I stared at the sky, debating what I would do if he landed. Would he? Was he keeping tabs on me and annoyed that I’d come back to Oregon? Did he consider the whole state his territory now? We were more than a four-hour drive from where the wyvern had been, though I supposed that was a much shorter distance as the dragon flew.
Fortunately, the dragon kept flying and soon soared out of sight.
“Let’s hope it’s a coincidence,” I muttered.
Hissing came from Lily’s carrier.
I frowned at Damas. “Are you doing something to that cat?”
Absolutely not.
Why is she hissing?
She finds my size and magnificence intimidating, a reminder of her small and diminutive stature, which would put her at the mercy of wolves and cougars if she were in the wilds.

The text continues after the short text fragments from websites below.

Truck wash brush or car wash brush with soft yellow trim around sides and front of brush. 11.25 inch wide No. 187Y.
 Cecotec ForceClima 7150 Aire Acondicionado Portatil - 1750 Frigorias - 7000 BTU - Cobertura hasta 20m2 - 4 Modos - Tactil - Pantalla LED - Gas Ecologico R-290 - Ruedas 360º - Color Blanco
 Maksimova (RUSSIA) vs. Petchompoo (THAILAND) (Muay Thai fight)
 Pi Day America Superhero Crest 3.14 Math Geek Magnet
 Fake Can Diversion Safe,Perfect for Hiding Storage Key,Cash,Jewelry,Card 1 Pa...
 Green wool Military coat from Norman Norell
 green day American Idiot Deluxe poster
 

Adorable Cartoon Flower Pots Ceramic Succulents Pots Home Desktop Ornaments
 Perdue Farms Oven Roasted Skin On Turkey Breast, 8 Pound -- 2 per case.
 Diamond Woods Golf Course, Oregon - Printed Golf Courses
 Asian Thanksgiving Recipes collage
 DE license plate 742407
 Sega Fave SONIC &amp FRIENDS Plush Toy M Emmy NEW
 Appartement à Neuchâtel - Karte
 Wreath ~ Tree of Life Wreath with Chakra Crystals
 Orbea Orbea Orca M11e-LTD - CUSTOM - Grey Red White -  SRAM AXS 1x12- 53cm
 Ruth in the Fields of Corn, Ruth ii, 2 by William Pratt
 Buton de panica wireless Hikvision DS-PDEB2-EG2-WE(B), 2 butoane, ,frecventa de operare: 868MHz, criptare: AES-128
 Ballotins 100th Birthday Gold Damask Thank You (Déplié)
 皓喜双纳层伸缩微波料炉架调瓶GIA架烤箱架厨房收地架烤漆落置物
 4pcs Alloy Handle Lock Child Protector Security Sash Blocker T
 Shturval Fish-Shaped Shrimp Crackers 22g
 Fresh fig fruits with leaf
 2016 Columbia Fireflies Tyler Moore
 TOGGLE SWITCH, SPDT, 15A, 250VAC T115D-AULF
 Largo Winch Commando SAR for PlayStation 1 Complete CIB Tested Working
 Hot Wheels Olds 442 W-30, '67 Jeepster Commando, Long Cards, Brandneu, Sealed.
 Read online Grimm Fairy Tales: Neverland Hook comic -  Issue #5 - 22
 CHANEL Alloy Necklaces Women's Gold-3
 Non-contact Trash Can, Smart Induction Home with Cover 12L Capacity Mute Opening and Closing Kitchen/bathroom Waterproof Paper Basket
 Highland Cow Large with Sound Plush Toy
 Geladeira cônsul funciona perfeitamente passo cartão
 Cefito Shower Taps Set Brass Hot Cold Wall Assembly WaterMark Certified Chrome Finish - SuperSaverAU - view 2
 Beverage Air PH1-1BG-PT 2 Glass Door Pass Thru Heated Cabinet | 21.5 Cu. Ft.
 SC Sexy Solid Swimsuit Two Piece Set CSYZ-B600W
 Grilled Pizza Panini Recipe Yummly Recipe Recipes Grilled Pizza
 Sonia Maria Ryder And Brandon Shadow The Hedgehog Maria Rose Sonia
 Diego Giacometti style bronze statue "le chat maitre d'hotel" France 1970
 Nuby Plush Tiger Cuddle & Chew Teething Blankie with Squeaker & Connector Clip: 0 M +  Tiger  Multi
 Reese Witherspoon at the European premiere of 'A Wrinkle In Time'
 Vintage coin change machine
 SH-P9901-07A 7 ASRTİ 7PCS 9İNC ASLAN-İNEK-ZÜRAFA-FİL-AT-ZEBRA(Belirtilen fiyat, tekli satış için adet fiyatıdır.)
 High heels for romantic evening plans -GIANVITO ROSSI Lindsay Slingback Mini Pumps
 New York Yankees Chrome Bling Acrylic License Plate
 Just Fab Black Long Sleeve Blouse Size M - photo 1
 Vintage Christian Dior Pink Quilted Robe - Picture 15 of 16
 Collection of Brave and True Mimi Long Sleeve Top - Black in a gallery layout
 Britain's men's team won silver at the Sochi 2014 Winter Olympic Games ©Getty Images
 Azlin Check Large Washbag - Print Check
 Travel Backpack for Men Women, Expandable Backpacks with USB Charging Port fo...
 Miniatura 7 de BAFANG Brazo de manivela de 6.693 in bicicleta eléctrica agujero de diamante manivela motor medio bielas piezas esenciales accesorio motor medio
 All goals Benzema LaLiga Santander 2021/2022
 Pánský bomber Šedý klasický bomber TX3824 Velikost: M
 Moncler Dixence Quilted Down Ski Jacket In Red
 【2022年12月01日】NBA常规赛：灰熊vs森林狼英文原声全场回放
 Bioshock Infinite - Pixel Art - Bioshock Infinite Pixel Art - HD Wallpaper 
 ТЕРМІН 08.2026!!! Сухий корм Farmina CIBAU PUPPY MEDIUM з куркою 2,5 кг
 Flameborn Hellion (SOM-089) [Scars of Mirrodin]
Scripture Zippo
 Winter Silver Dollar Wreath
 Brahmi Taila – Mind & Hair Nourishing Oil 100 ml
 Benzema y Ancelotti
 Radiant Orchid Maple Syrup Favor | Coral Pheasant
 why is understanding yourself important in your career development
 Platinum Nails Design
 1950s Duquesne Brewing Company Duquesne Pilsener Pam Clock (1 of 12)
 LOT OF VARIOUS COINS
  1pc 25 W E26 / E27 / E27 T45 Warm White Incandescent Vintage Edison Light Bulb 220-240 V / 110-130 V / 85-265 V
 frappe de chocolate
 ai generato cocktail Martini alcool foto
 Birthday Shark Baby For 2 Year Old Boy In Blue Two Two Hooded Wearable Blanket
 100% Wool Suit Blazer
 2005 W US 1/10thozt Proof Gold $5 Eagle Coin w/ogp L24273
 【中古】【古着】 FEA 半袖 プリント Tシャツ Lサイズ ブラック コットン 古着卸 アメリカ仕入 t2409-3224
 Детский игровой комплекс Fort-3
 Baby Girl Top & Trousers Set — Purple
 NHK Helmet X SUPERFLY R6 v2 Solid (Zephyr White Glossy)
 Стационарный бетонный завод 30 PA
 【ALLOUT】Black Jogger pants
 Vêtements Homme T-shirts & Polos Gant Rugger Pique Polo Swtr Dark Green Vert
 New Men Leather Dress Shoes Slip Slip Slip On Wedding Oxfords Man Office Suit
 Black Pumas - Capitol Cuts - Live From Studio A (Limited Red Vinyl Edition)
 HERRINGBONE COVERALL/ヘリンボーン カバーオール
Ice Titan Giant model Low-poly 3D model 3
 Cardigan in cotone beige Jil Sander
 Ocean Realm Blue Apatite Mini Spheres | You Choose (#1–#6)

Or maybe she just doesn’t like you.
Another hiss came from the cat carrier.
As any feline will tell you, it is more important to be respected than to be liked.
I got into the car. As I headed back to the highway, Lily hunkered down in her carrier. She switched from hissing to glaring frostily through the grate toward Damas.
Even though it was the silence I’d hoped for, I felt bad about cowing the cat.
“You’ll like my mother’s house,” I told her. “It’s got all kinds of bookcases to climb on, and there’s a loft with tons of junk in it. She’s got a golden retriever, but you should get along fine. Rocket likes everybody. Cats, rats, squirrels, people. Everybody.”
Jaguars?
We’ll see.
As I drove the car onto the highway, I realized something with a sinking feeling. We were heading in the same direction the dragon had been flying.